What you have to do. The required output is the lines from the one with "Галлюциногенные грибы мицелий" through the end of the data, repeated verbatim, with no pictures included.

Given data.
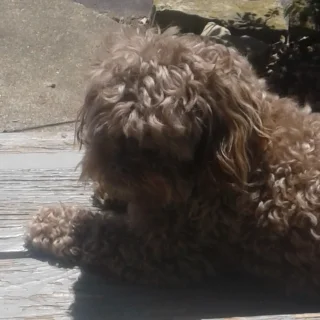 Excellent HVAC/Duct cleaners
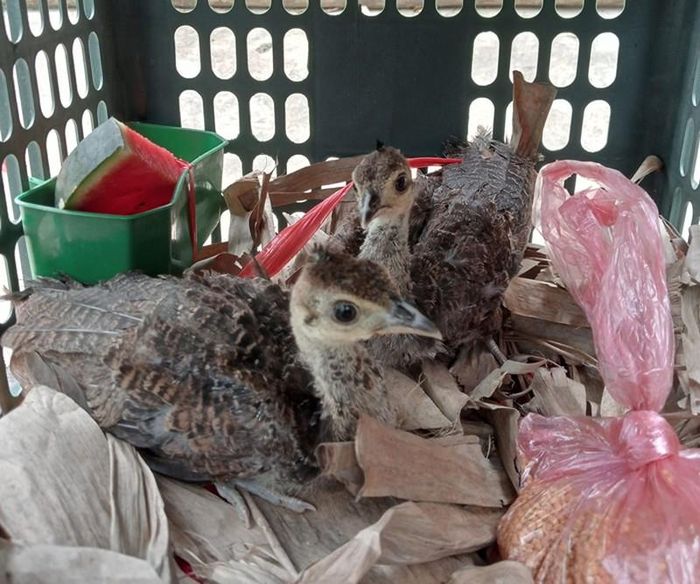 Cặp chim non anh vận chuyển cho khách.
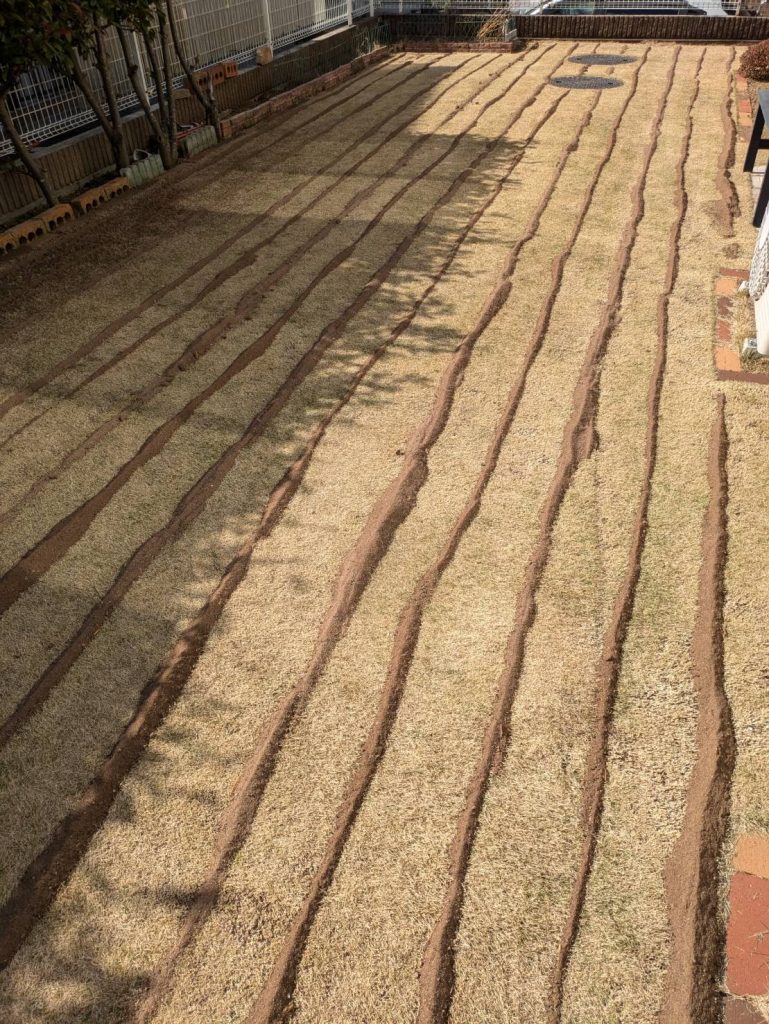 芝生に発酵けいふんでゼブラカット風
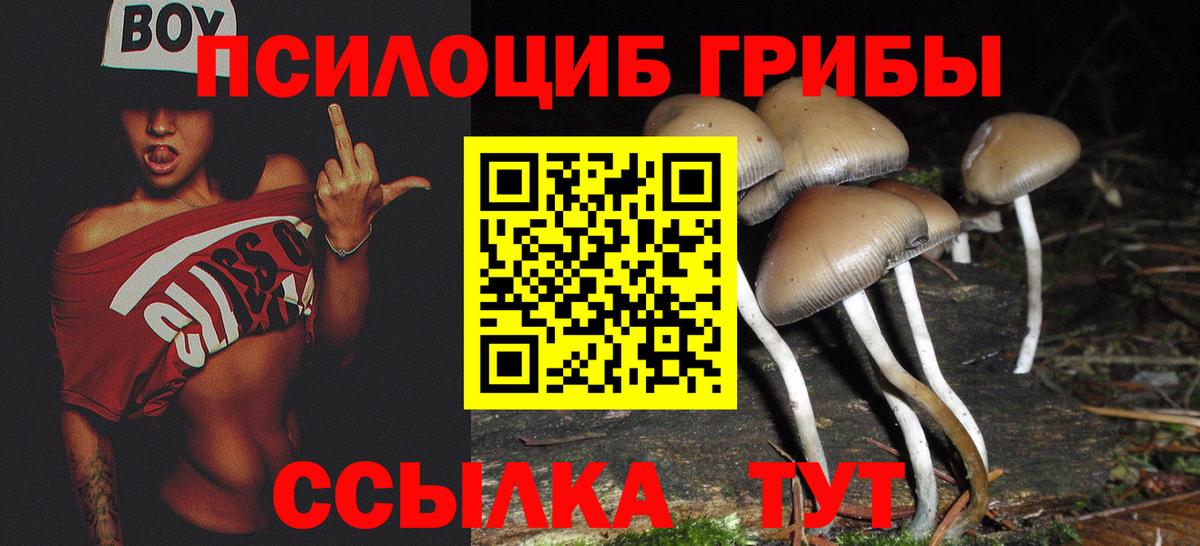 Галлюциногенные грибы мицелий  Вход с VPN  Касимов 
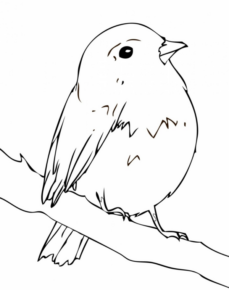 Disegno di passero da stampare e colorare 15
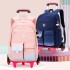 2022 Natural Fish New Pull up Backpack for Primary School Students in Grades 3-6 with Large Capacity and Reduced Burden, One Piece Waiver Backpack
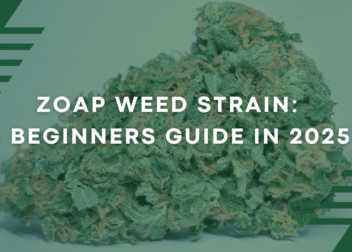 Zoap Weed Strain: A Beginners Guide in 2025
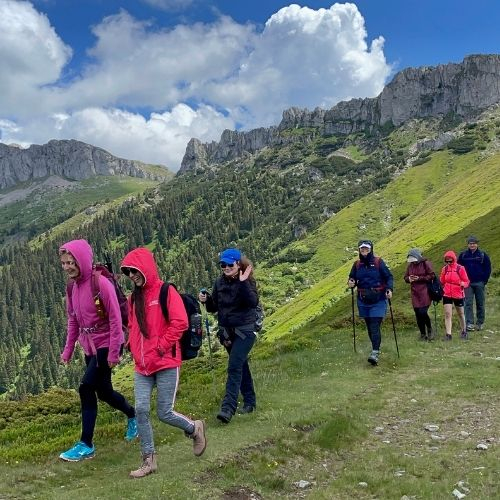 Rhododendron pe Vârful Bucșa [8]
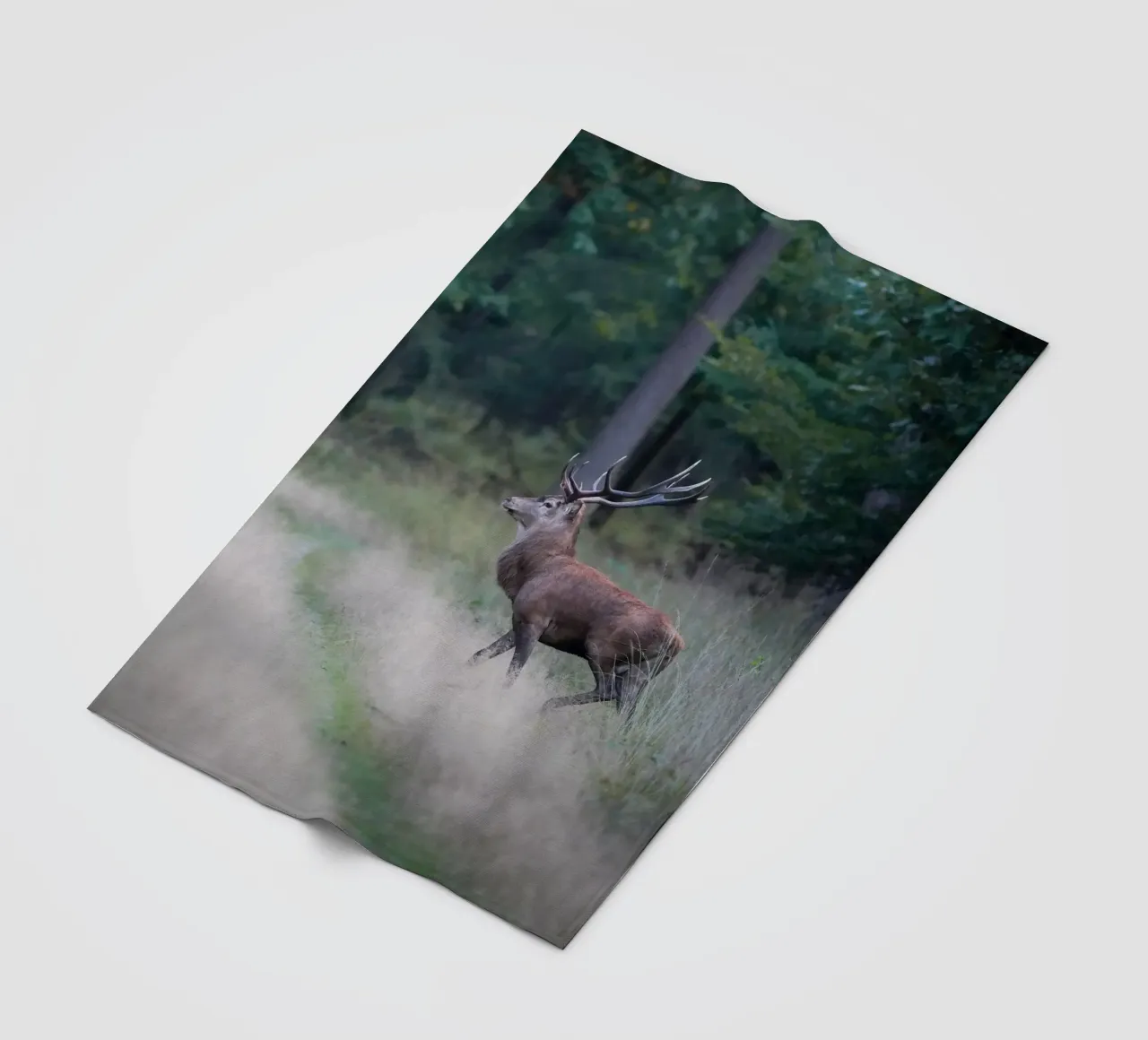 Cervo rosso coperta in pile da Tom's Wildlife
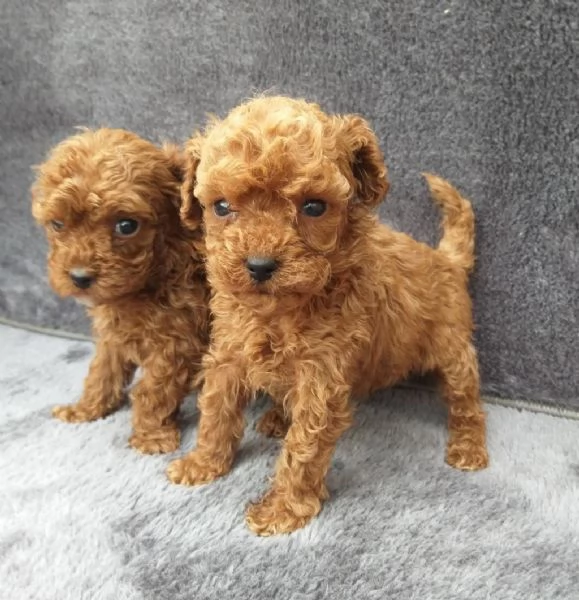 Regala un cucciolo di Barboncino | Foto 0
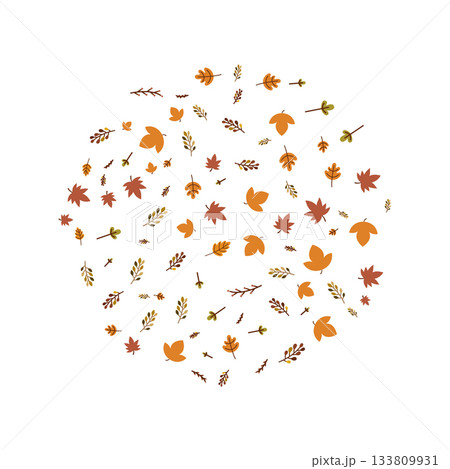 autumn leaves and twigs. autumn leaves and twigs. 133809931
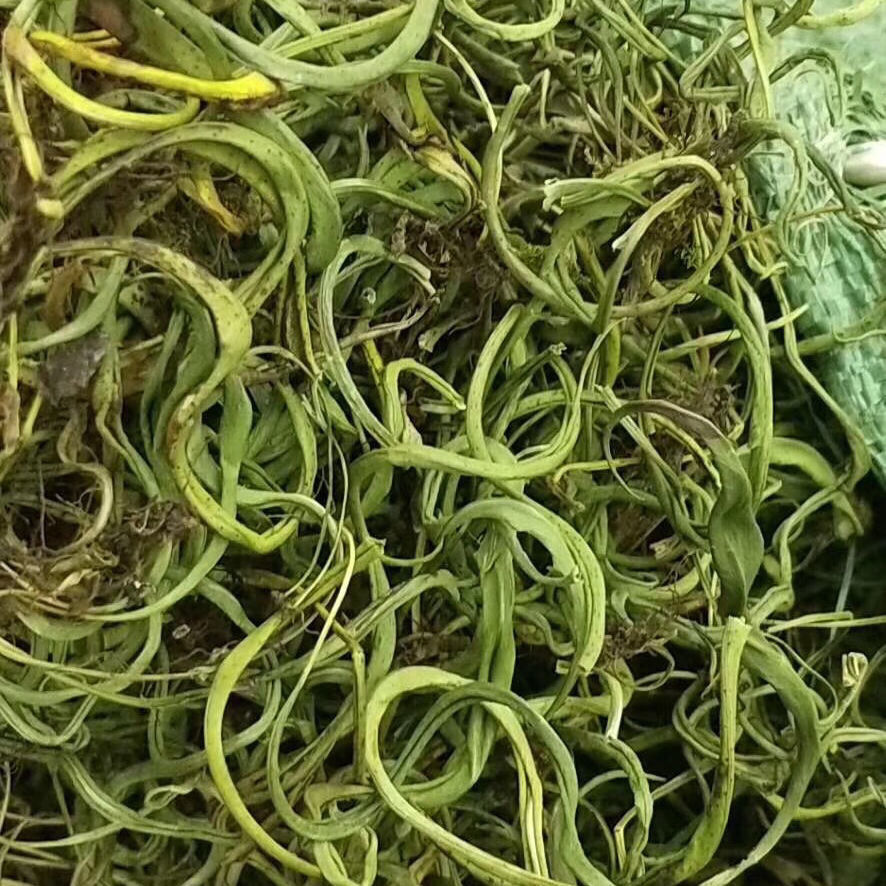 草茶 草 草茶肾精草 云南草包邮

Exercise response.
 Галлюциногенные грибы мицелий  Вход с VPN  Касимов 
 Disegno di passero da stampare e colorare 15
 2022 Natural Fish New Pull up Backpack for Primary School Students in Grades 3-6 with Large Capacity and Reduced Burden, One Piece Waiver Backpack
 Zoap Weed Strain: A Beginners Guide in 2025
 Rhododendron pe Vârful Bucșa [8]
 Cervo rosso coperta in pile da Tom's Wildlife
 Regala un cucciolo di Barboncino | Foto 0
 autumn leaves and twigs. autumn leaves and twigs. 133809931
 草茶 草 草茶肾精草 云南草包邮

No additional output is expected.